Rapid technological change brings both opportunities and threats. (Re)insurers need to develop and retain the right talent – those who have the technical skills along with the knowledge of the company, its technical capabilities, and its ways of working. Ensuring a talent pipeline exists within the organization is key, including robust succession planning to build the next generation of digital skills necessary following retirements and attrition.

The experience and skills needed to build emerging technology solutions are in high demand to support changing business needs. The challenge lies in integrating new technologies effectively; failure to do so can impact competitiveness and operational efficiency. Increased digitalization also heightens the importance of data privacy and regulatory compliance.

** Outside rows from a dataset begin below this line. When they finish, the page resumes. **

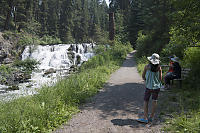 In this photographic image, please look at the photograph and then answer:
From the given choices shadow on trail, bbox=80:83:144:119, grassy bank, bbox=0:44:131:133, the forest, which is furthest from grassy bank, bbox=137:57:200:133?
grassy bank, bbox=0:44:131:133

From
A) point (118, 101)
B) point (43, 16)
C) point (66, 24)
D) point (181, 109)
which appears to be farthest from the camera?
point (43, 16)

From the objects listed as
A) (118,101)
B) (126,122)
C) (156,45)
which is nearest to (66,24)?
(156,45)

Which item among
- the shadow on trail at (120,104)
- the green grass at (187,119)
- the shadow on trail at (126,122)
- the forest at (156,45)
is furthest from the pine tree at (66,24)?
the shadow on trail at (126,122)

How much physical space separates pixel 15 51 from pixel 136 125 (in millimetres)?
23393

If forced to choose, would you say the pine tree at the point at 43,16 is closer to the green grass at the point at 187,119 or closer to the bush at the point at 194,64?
the bush at the point at 194,64

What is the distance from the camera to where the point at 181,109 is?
4.89 metres

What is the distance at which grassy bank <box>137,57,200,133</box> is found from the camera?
369cm

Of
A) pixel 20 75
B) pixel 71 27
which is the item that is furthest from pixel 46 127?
pixel 71 27

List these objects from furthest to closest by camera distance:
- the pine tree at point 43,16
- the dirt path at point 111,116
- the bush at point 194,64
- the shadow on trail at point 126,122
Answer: the pine tree at point 43,16 → the bush at point 194,64 → the shadow on trail at point 126,122 → the dirt path at point 111,116

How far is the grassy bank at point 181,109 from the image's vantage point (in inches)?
145

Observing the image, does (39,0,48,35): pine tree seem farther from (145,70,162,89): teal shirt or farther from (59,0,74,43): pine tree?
(145,70,162,89): teal shirt

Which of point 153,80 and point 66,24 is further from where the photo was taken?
point 66,24

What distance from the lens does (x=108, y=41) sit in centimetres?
2097

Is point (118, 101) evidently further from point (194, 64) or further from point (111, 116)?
point (194, 64) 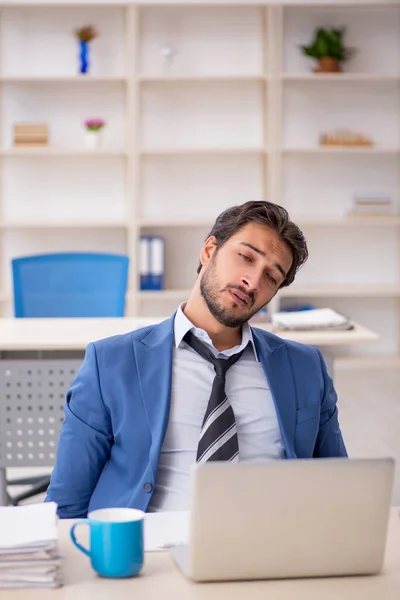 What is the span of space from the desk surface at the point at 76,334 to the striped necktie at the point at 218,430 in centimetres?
131

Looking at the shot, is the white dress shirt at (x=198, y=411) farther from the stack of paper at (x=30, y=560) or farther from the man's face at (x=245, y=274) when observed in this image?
the stack of paper at (x=30, y=560)

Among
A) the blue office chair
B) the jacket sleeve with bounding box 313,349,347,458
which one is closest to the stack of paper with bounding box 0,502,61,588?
the jacket sleeve with bounding box 313,349,347,458

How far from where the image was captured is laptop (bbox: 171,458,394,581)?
119 centimetres

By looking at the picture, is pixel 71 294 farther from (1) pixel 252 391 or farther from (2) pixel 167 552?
(2) pixel 167 552

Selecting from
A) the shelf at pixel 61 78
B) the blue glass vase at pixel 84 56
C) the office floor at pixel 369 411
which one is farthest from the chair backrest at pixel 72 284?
the blue glass vase at pixel 84 56

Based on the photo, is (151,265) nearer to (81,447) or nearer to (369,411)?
(369,411)

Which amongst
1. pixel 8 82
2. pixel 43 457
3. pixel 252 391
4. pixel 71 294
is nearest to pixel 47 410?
pixel 43 457

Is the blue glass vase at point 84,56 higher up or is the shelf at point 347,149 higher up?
the blue glass vase at point 84,56

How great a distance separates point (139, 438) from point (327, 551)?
600mm

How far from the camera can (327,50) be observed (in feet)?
20.2

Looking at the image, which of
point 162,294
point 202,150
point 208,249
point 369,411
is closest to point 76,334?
point 208,249

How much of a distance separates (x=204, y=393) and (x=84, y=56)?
15.2 feet

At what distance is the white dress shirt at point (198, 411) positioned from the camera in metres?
1.80

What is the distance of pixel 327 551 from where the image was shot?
1241mm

(Re)insurers may take a proactive approach to technology adoption, while balancing innovation exploration (through monitoring and proof-of-concepts) with security and compliance considerations.

Paul Carroll

What steps can (re)insurers take to address these emerging risks?

Sandra Said

Agile and responsive risk management is essential. Integrating emerging risk insights into strategic planning and developing targeted action plans is no longer a “nice-to-have”; it is a strategic imperative. Equally, fostering a culture of risk awareness and knowledge sharing helps ensure emerging risks are openly communicated throughout the organization. 

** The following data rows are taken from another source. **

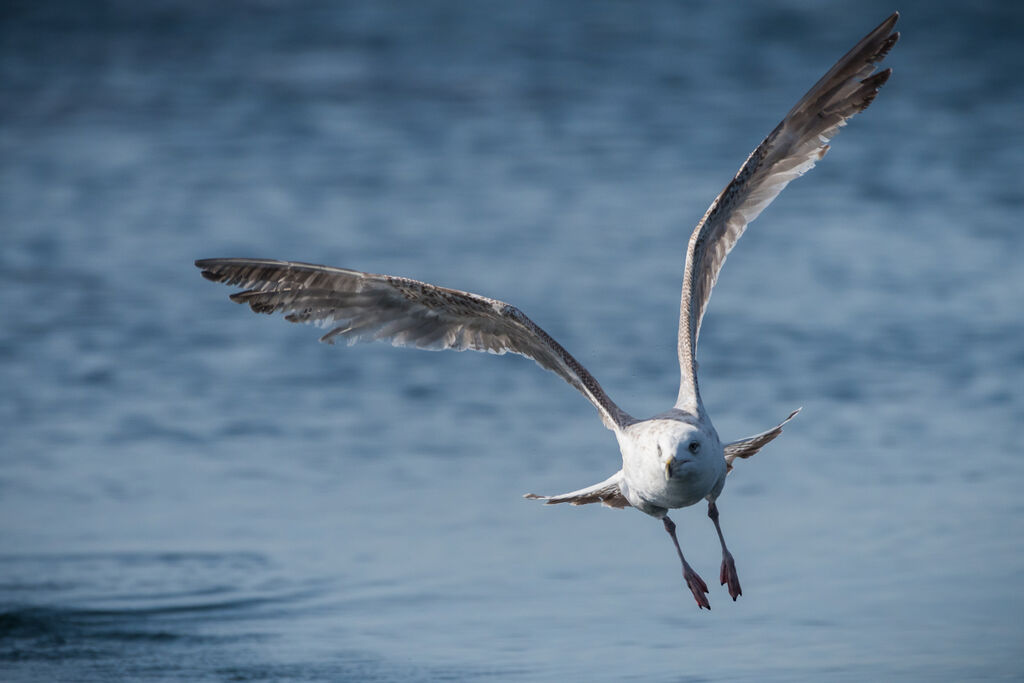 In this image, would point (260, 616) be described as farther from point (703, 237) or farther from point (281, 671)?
point (703, 237)

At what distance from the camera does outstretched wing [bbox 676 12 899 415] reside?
8.24 metres

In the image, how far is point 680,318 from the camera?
822 cm

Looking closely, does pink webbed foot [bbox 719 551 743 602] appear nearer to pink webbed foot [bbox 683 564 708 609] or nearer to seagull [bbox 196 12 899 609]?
seagull [bbox 196 12 899 609]

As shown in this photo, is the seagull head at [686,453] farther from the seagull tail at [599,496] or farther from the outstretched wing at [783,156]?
the outstretched wing at [783,156]

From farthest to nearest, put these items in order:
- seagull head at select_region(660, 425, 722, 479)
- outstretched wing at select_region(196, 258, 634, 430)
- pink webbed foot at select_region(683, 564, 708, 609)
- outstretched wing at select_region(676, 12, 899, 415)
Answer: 1. outstretched wing at select_region(676, 12, 899, 415)
2. pink webbed foot at select_region(683, 564, 708, 609)
3. outstretched wing at select_region(196, 258, 634, 430)
4. seagull head at select_region(660, 425, 722, 479)

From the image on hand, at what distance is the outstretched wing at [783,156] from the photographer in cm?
824

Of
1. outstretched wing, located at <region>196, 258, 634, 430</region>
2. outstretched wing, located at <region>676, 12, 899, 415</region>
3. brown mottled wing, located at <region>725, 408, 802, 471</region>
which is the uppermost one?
outstretched wing, located at <region>676, 12, 899, 415</region>

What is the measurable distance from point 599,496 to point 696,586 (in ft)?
2.59

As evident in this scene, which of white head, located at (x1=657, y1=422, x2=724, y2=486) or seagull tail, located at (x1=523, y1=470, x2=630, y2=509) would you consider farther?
seagull tail, located at (x1=523, y1=470, x2=630, y2=509)

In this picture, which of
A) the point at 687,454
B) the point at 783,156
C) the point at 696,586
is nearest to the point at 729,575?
the point at 696,586

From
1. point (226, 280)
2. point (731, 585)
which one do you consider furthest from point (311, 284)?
point (731, 585)

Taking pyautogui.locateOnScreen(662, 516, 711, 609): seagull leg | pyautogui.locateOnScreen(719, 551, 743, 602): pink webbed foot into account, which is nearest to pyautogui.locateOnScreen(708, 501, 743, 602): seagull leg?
pyautogui.locateOnScreen(719, 551, 743, 602): pink webbed foot

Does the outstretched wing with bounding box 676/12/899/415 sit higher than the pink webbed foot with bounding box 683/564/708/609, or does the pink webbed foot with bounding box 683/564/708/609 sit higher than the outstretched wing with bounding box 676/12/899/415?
the outstretched wing with bounding box 676/12/899/415

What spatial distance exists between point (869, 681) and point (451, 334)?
10.3 feet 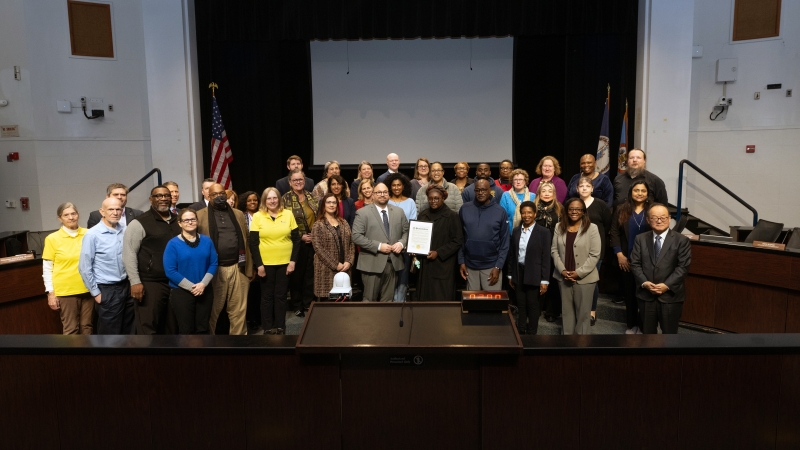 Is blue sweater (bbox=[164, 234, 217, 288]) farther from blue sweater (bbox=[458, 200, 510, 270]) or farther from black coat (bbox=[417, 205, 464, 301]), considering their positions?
blue sweater (bbox=[458, 200, 510, 270])

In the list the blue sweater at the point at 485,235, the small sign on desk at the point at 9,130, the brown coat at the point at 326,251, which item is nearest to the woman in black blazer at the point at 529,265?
the blue sweater at the point at 485,235

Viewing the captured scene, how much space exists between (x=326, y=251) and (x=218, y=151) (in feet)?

At RGA, we have designed and implemented an online platform for enterprise-wide collaboration and information sharing. Education sessions delivered by subject matter experts throughout RGA help cascade knowledge about these emerging risks across the enterprise. Such proactive engagement with cross-functional experts and ongoing education can help organizations anticipate challenges, seize opportunities, and maintain a competitive edge in a complex global environment.

In addition, scenario analysis enables (re)insurers to evaluate how emerging risks might impact their business under different future conditions. By conducting this analysis, organizations can develop proactive strategies and contingency plans to ensure readiness when these scenarios materialize. They also can – and should – establish early warning indicators that serve as alerts when potential risk scenarios begin to unfold.